# Slingshot Of The Month - September 2013 - Voting



## All Buns Glazing (Apr 22, 2012)

*Slingshot Of The Month - September 2013 - Voting *​
*Which will you vote for?*

Cherry Hybrid BB Shooter - Dan Ford97.44%Jacoba Natural - ASH21.65%BB Shooter with Palm Swell - BTOON8454.13%Selfcast Aluminium and Oak - The Art of Weapons1814.88%MJ's Lilac Natural - DayHiker64.96%Mesquite natural - Rock Slinger64.96%Satinwood & Purple Heart - e~shot32.48%Spalted Osage Natural - LostMarbles21.65%Intermission - Quercusuber32.48%Natural with Cork Endcap - Quercusuber64.96%Aluminium Target Shooter - AnTrAxX75.79%Custom "J" - AnTrAxX2722.31%Mr.

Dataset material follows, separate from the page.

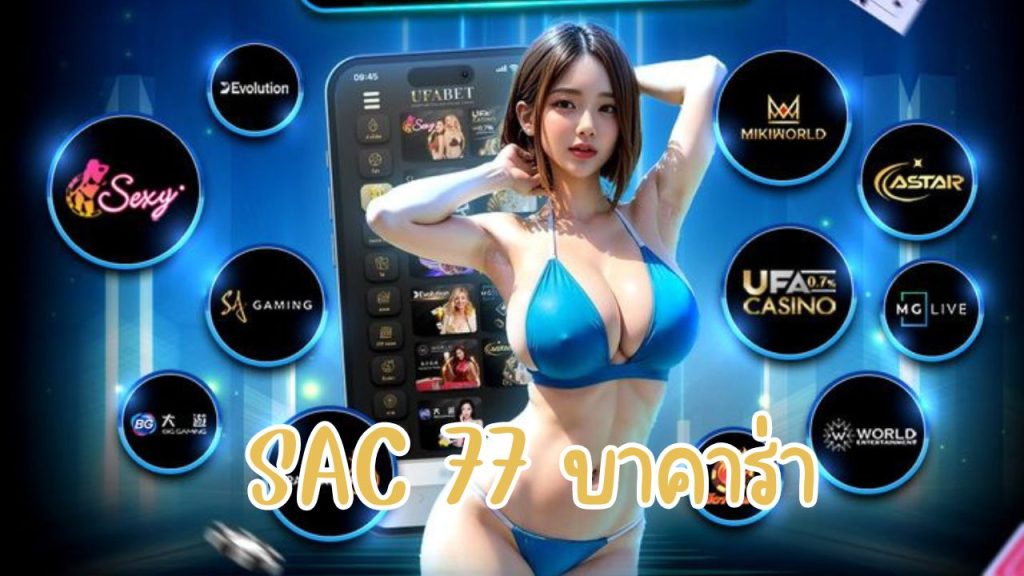 sac 77 บาคาร่า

Bill - Can-Opener1613.22%Carved Natural - MagicTorch10010.83%Curved PFS - Flicks64.96%One and Only TTF - Btoon8443.31%


----------



## All Buns Glazing (Apr 22, 2012)

But now for something, completely different.

It's time to vote! Nominations page can be viewed here.

*Cherry Hybrid - Dan Ford*

*







*

*Jacoba - Ash*

*







*

*BBShooter - Btoon84*

*







*

*Selfcast Aluminium - The Art of Weapons*

*







*

*MJ's Lilac - Dayhiker*

*







*

*Mesquite - Rock Slinger*

*







*

*Purpleheart and Satinwood - e~shot*

*







*

*Spalted Natural - LostMarbles*

*







*

*Intermission - Quercusuber*

*







*

*Natural with Cork Endcap - Quercusuber*

*







*

*Target Shooters - Antraxx*

*







*

*Custom "J" - Antraxx*

*







*

*Mr. Bill - Can-Opener*

*







*

*Fully Carved Natural - Magic Torch*

*







*

*Curved PFS - Flicks*

*







*

*One and Only TTF - Btoon*

*







*

*Good luck, everyone!*​


----------



## GrayWolf (May 14, 2012)

Nice job ABG!!

I voted for the BB Shooter with the palm swells...but I'm a little biased 

Todd


----------



## Btoon84 (Nov 22, 2011)

LOL Buns, I just made this whole voting page, posted it... then rapidly deleted it! Nice to see you made it


----------



## Danny0663 (Mar 15, 2011)

BAM! voted.


----------



## e~shot (Jun 3, 2010)

Very tough one!


----------



## All Buns Glazing (Apr 22, 2012)

Btoon84 said:


> LOL Buns, I just made this whole voting page, posted it... then rapidly deleted it! Nice to see you made it


Oh sorry mate, I was asked to do it! Tag team the next one


----------



## reset (Apr 13, 2013)

It doesnt get any easier. All very good nominations again this month. Voted!


----------



## lexlow (Aug 13, 2012)

hullooo, if at all possible, could someone point me in the right direction to learn how to make the voting poll for comps etc i just did a comp, and i made a right amateur job of it


----------



## jazz (May 15, 2012)

Hi all,

I would like to thank Al Buns Glazing for the perfect choice; in my opinion this is probably one of the most fruitful months here and therfefore one of the best monthly set of frames I saw here; I am sure that Al Buns Glazing had a hard time while selecting.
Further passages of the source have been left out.